Raw data —
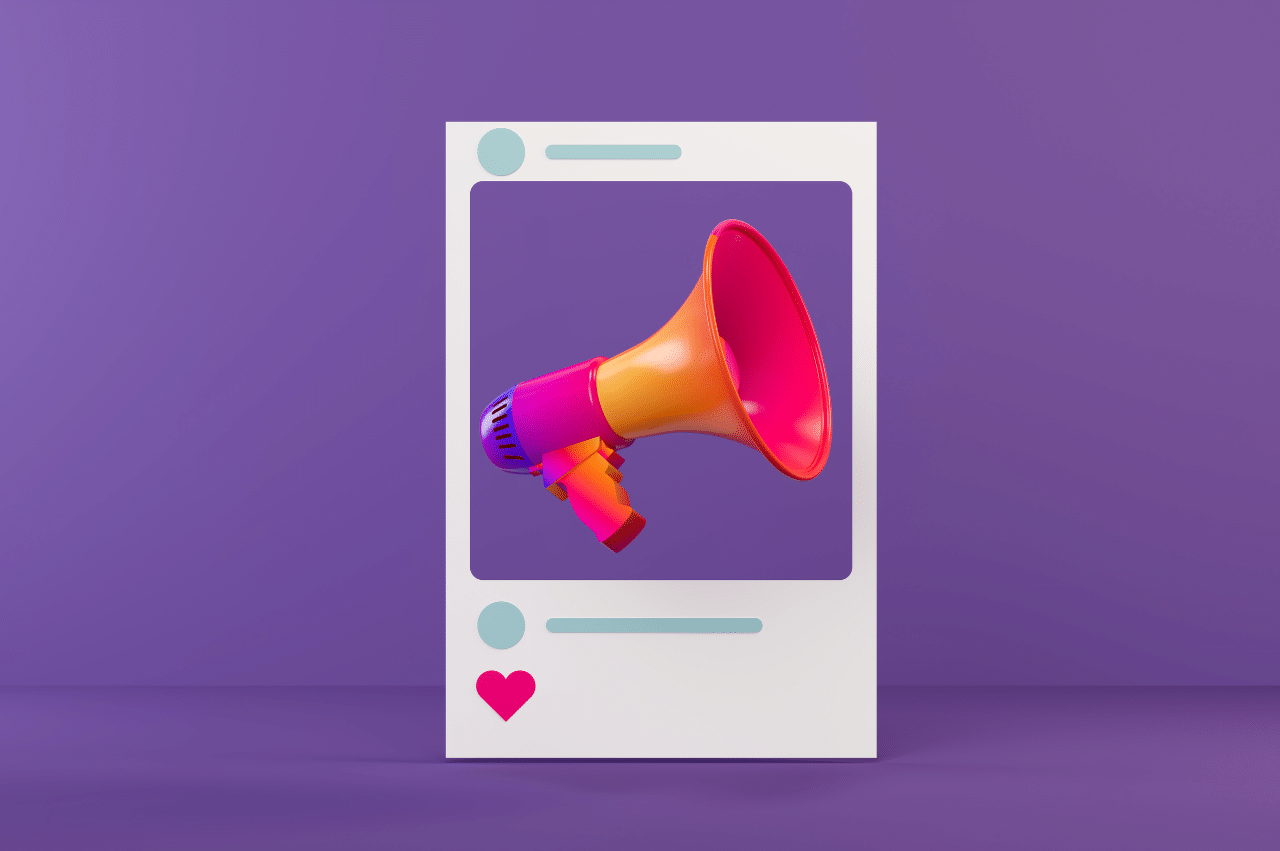 Purple background with what mimics an Instragram feed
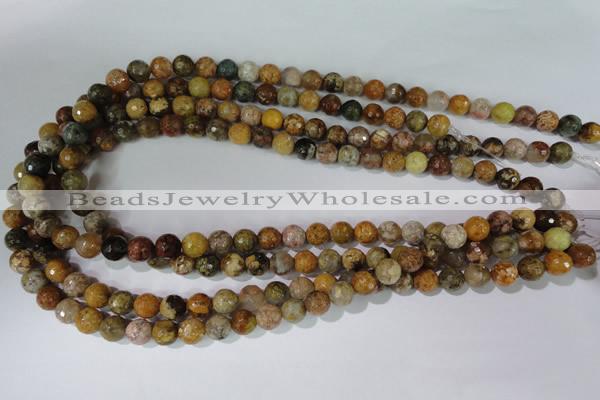 CAG1712 15.5 inches 8mm faceted round rainbow agate beads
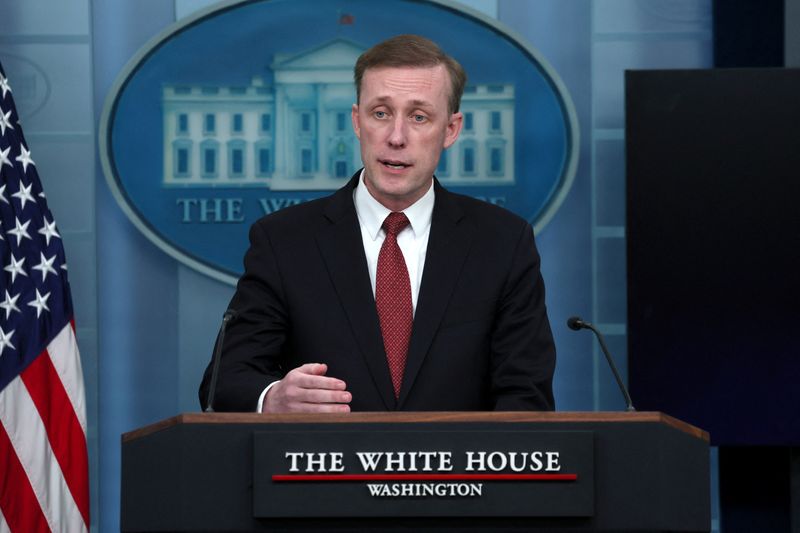 © Reuters. FILE PHOTO: National Security Advisor Jake Sullivan speaks during a press briefing at the White House in Washington, U.S., May 22, 2024. REUTERS/Leah Millis/File Photo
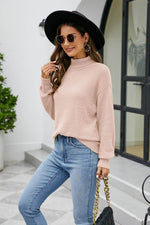 Mock Neck Dropped Shoulder Long Sleeve Sweater for a perfect OOTD – dress to impress outfits from Amexza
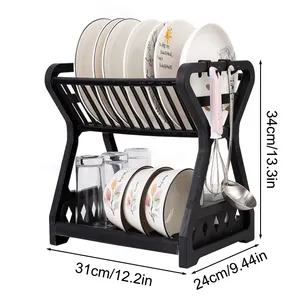 Kitchen Double-layer Plastic Drain Dish Rack Storage Organizer Durable Multifunctional - Product Image 5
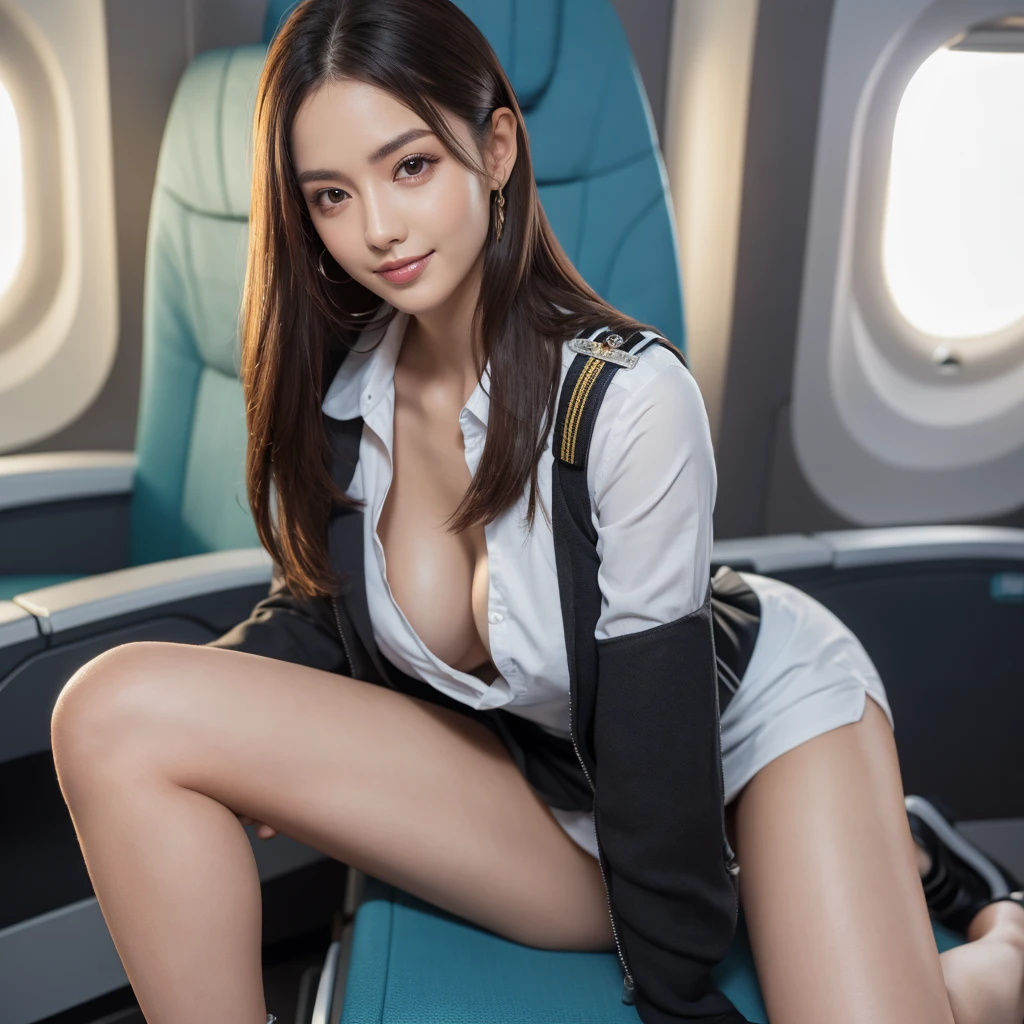 Sexy woman in stewardess uniform, Amazing beauty, pantimedias, very thin, Sitting cross-legged on the plane, a smile, high heel, gaming_NFFSW (English) (English) (English), Mesa, Best Quality, realistic photo, raw photo, 8k, high resolution, Detailed skins, perfect fingers, 8k, soft lighting, high quality, maximum quality, maximum detail, Ultra realism, film grain, Fujifilm XT3, realistic skin textures, shiny skin, exposed thighs!!!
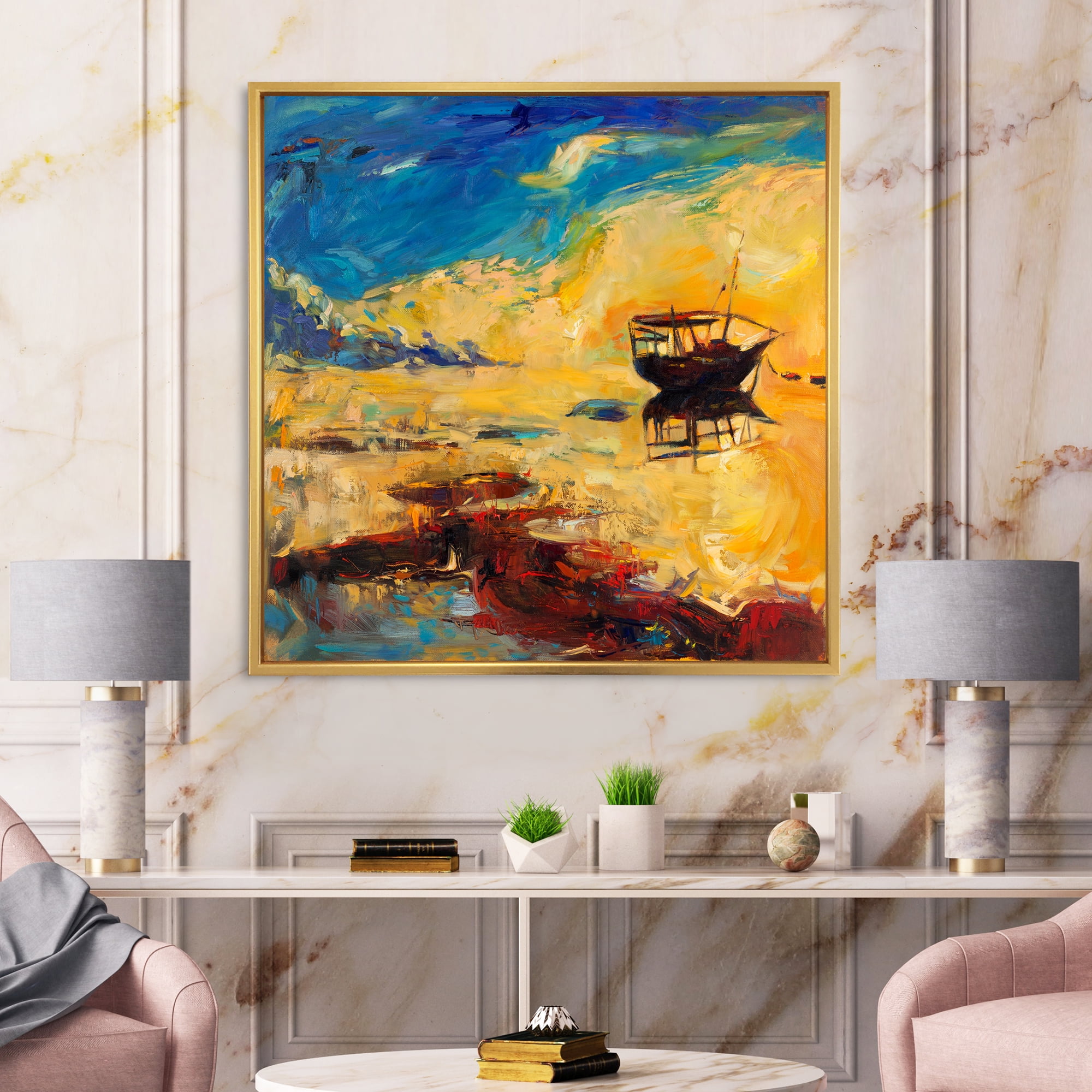 Designart 'Abstract Boat At The Ocean Horizon During Sunset' Nautical & Coastal Framed Canvas Wall Art Print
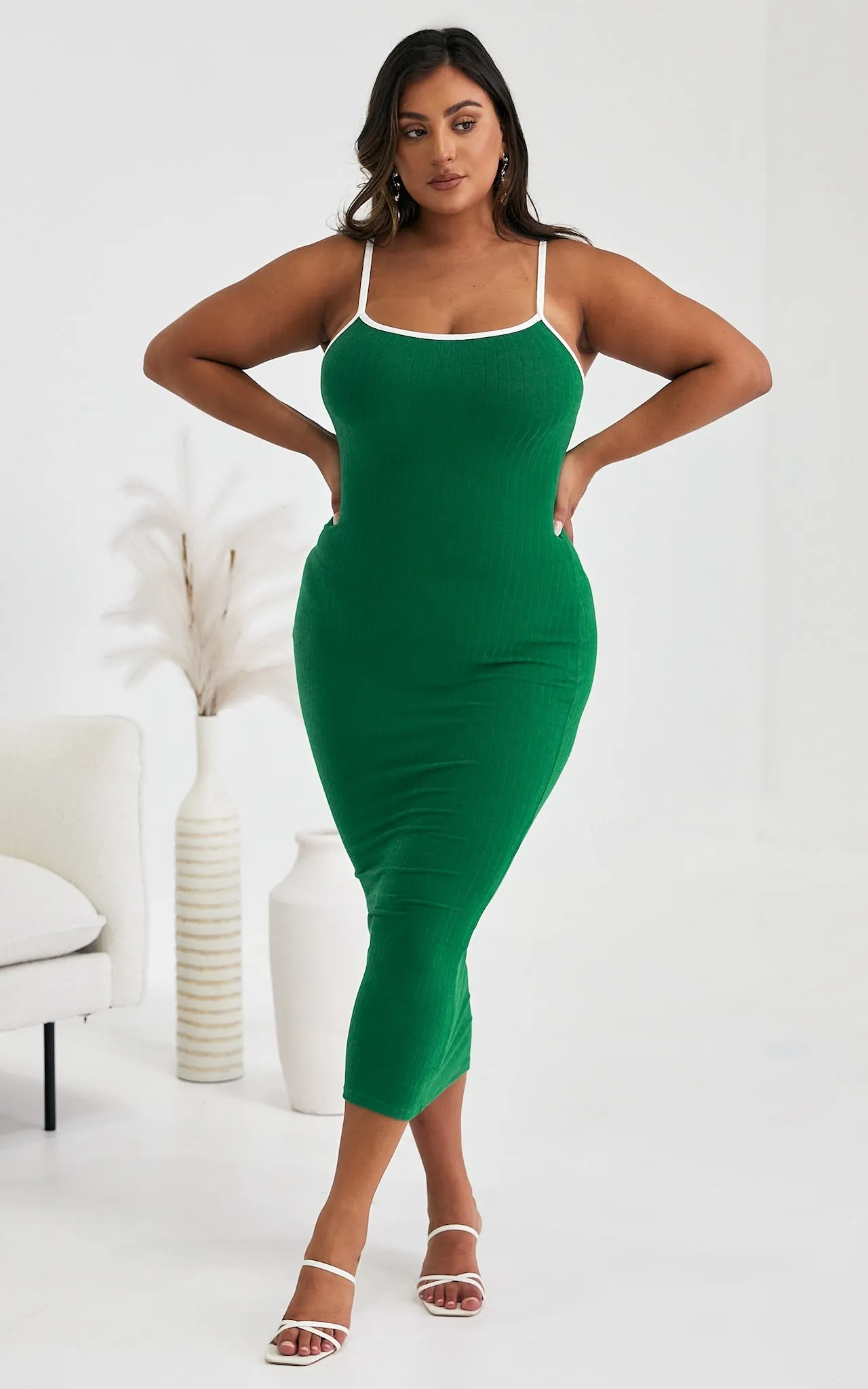 Tisdale Knit Midi Dress - Forest Green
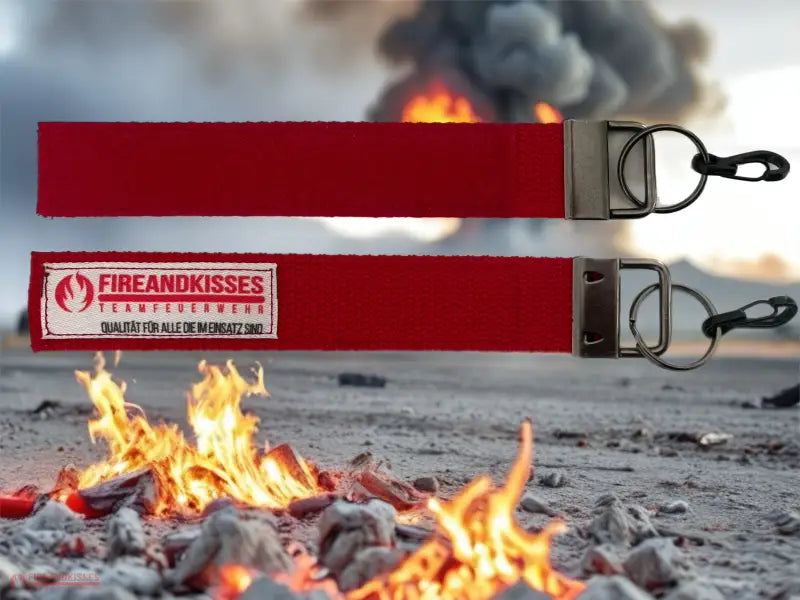Atemschutzüberwachungsanhänger Fireandkisses – Hochwertiges Feuerwehr Gurtband | Robust & langlebig | Mit Karabiner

Brief — Your reply should hold only the lines from the one that contains "Tisdale Knit Midi Dress - Forest Green" through the last line of the records above, exact and complete, and no pictures.

Exercise response —
 Tisdale Knit Midi Dress - Forest Green
Atemschutzüberwachungsanhänger Fireandkisses – Hochwertiges Feuerwehr Gurtband | Robust & langlebig | Mit Karabiner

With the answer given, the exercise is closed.